Okay, I’ve got a little bit of suppressed rage that I need to get out of my system first. And yes, I’m perfectly aware that it’s probably silly to get so worked up over the fictional ending to some fictional characters, but the beauty of art – especially television – is that, when done correctly, you can get attached to characters you know aren’t real. You can feel their pain and their happiness, their prides and joys as if they really did exist, as if they were friends that you actually caught up with for half an hour each week. That’s the magic of art, and How I Met Your Mother was one of the most magical television series I’ve ever had the pleasure of watching. It’s one of my favourite television shows of all time and my feelings about the finale do not change that. I shall continue to re-watch How I Met Your Mother with the same love that I always have.
That said…
TED AND ROBIN SHOULDN’T HAVE ENDED UP TOGETHER. EVER. IN ANY SORT OF WAY. THE SHOW SPENT NINE YEARS TELLING US THAT THEY DEFINITELY, REALLY, WITHOUT A DOUBT DIDN’T BELONG TOGETHER ONLY TO GET THEM TOGETHER IN THE LAST THIRTY SECONDS. THEY KILLED OFF THE INCREDIBLY CHARMING AND WONDERFUL CRISTIN MILIOTI JUST TO SHOEHORN A DEAD, WORTHLESS RELATIONSHIP TOGETHER, COMPLETELY RUINING THE IDEA OF THE MOTHER.
…
I probably could have expressed that a little better, and I intend to (Disclaimer: I may or may not have expressed myself better, this is a bit of an unedited mess, but bear with me…), but… Yeah… That pretty much sums it up.

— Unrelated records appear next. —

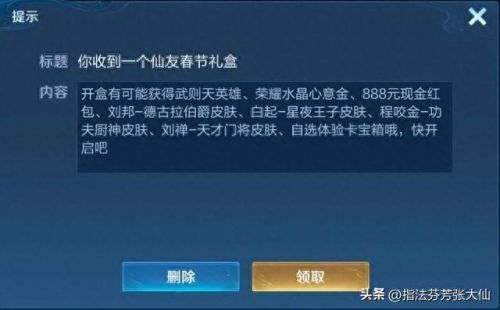 项羽原来的技能(王者项羽技能详解)插图10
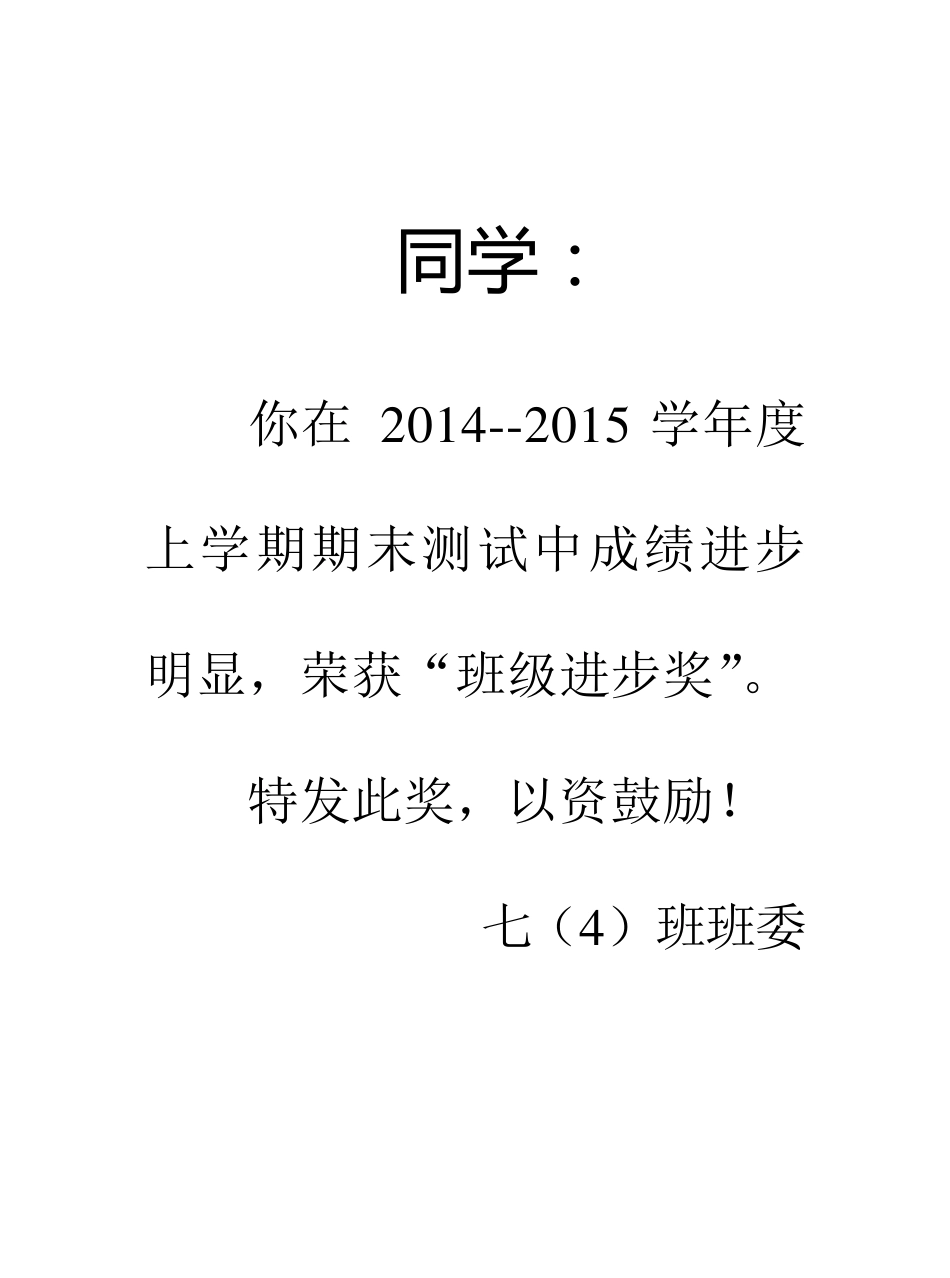 班级奖状模板_第2页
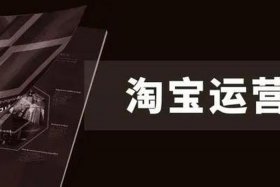 淘宝运营是什么,都做些什么？，淘宝运营是什么东西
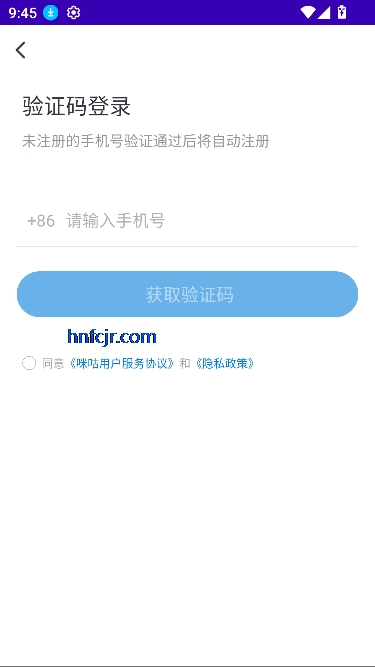 乾appٷ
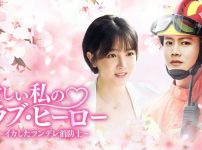 愛しい私のラブ・ヒーロー ～イカしたツンデレ消防士～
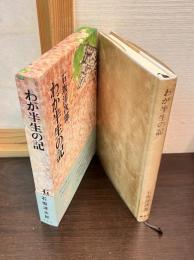わが半生の記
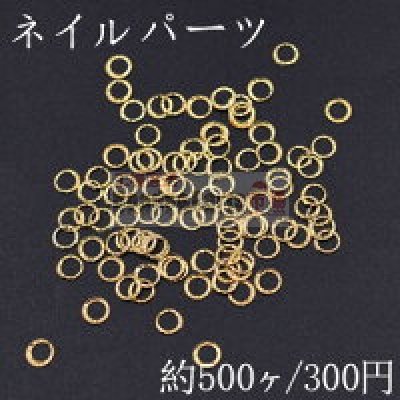 ネイルパーツ メタルパーツ 丸フレーム 4.4mm ゴールド【約500ヶ】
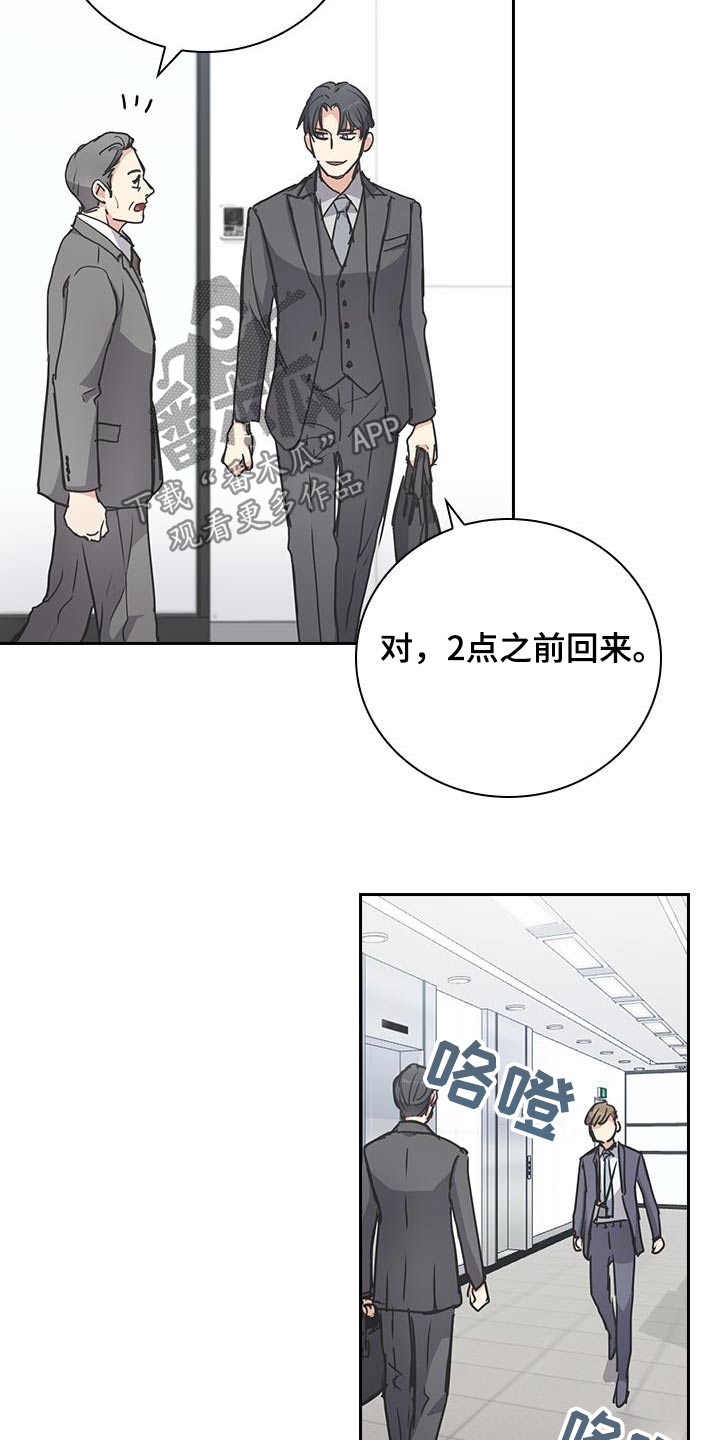 消失的香味漫画,第33话1图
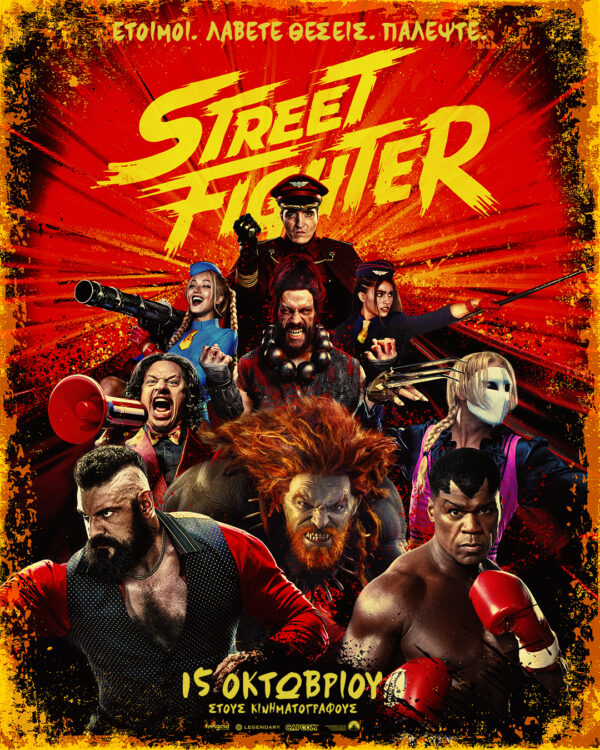 STREET FIGHTER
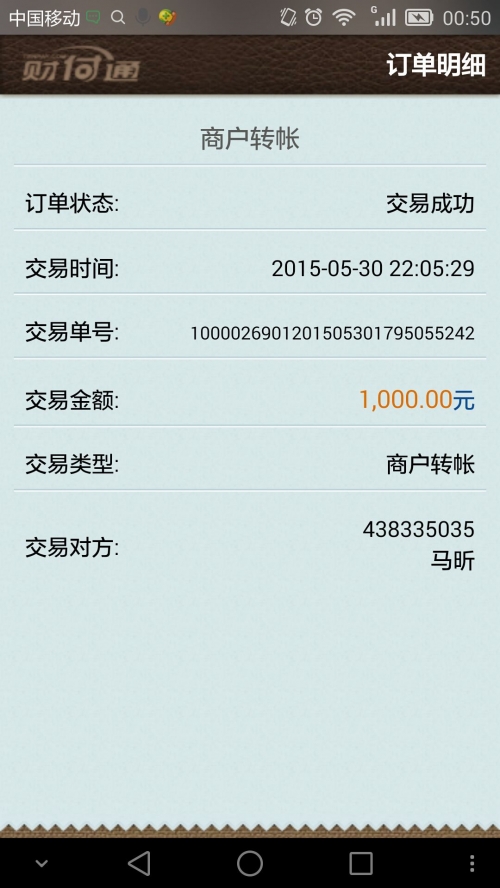财付通彩票财付通彩票，数字娱乐的新篇章-第1张图片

It’s no secret that I’m not the biggest fan of the ‘Will-They/Won’t-They’ trope – it’s overdone and boring and when a show gets too caught up in it, it just gets stagnant. The main times in which I would criticise HIMYM was whenever they brought back the ‘Ted/Robin’ pairing that they had shot down so many times. (Which they did… every time they brought up the idea of Ted and Robin getting back together, they ended it by coming the realisation that they weren’t good for each other – again). And they brought Robin and Barney together so well, and everything seemed to fit – Lily and Marshall had each other from the beginning, Robin and Barney stumbled into each other in the middle and Ted and The Mother (her real name is Tracy, which I think fits her quite well) brings things to a close. That would have worked perfectly.
Then they brought in Cristin Milioti, who was absolutely astounding in her role. Within seconds, we’d fallen in love with her as if we were Ted. In the disjointed ninth season, Milioti was perfect every moment she appeared on screen. So, everyone was totally on board with Ted and Tracy getting together and having their happy ending.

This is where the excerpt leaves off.